Parce que tout de même, être un homme de nos jours, c’est pas facile : Considérez tout ce qui peut mal tourner, pour les hommes. Parmi les problèmes classiques, il y a le rien-ne-se-passe-du-tout, le tout-se-passe-trop-vite, le fléchissement-lamentable-après-début-trop-prometteur ; il y a la-taille-n’a-aucune-importance-sauf-dans-mon-cas, l’incapacité-d’assurer-la-livraison… et les femmes, de quoi elle doivent se soucier ? D’un peu de cellulite ? Bienvenue au club. Du je-me-demande-si-je-suis-mieux-ou-moins-bien-que-les-autres ? La belle affaire.
Non vraiment, c’était plus simple avant, quand les hommes n’avaient pas en plus à se préoccuper du plaisir des femmes et à récurer les toilettes. Et puis Rob ne supporte pas d’imaginer Laura dans les bras de Ian, c’est trop pour lui. Alors quand il la revoit un jour et qu’elle lui avoue qu’ils n’en sont pas encore à ce stade, il est fou de joie… et passe la nuit avec une chanteuse américaine…
Nos hommes ne sont que contradictions mesdames, en tout cas celui-là et c’est ce qui fait tout son charme. Rob est égoïste, discrètement prétentieux, un poil fainéant, menteur au besoin. Il méprise les gens qui n’ont pas les mêmes goûts musicaux que lui, passe son temps à faire des tops five de n’importe quoi et à se demander si vraiment, c’est mieux avec Ian (parce que Laura finit par consommer, évidemment…). Mais il est aussi fragile, sensible, blessé, bref, le genre de gars à consoler, éternel adolescent qu’aucune femme censée ne prendrait pour mari.
Nick Hornby manie l’ironie avec brio et son personnage de paumé sentimental n’en est que plus attendrissant. Il est drôle à force d’égocentrisme, mais tellement sûr de lui. Et perspicace.

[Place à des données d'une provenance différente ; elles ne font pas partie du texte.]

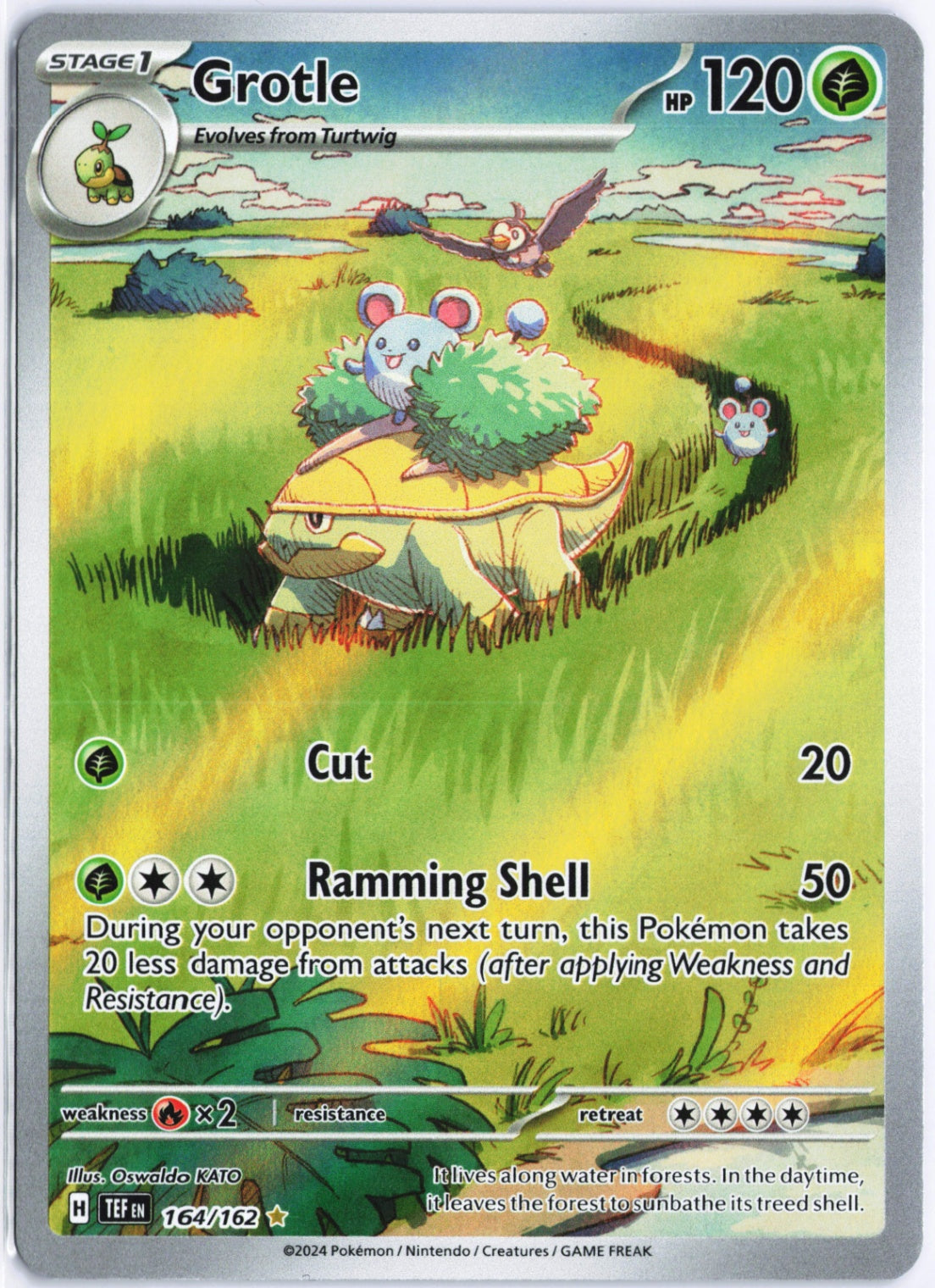 Grotle Illustration Rare SV05: Temporal Forces 164/162 NM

J’ai été affreusement déçu par les slips des filles quand j’ai commencé à vivre en concubinage. Je ne me suis jamais remis de cette découverte : elles font comme les garçons. Elles se gardent leurs plus beaux dessous pour les jours où elles savent qu’elles vont coucher avec quelqu’un. Quand on vit avec une femme, les vieux slips Monoprix délavés, rétrécis, informes font soudain leur apparition sur tous les radiateurs ; vos rêves lascifs d’écolier, où l’âge adulte apparaissait vautré dans la lingerie fine à jamais dans les siècles des siècles… ces rêves retournent à la poussière.
Traumatisant, non ? Et d’une mauvaise foi colossale qui lui sert de bouclier contre tous ces gens qui voudraient qu’il fasse quelque chose de sa vie.
Vie sentimentale chaotique, trentenaire adolescent et pop british : un excellent cocktail. J’aime beaucoup Nick Hornby.
Il existe une adaptation de Stephen Frears avec Jonh Cusak (so cute !) et Jack Black que j’apprécie souvent. Il faut que je la voie !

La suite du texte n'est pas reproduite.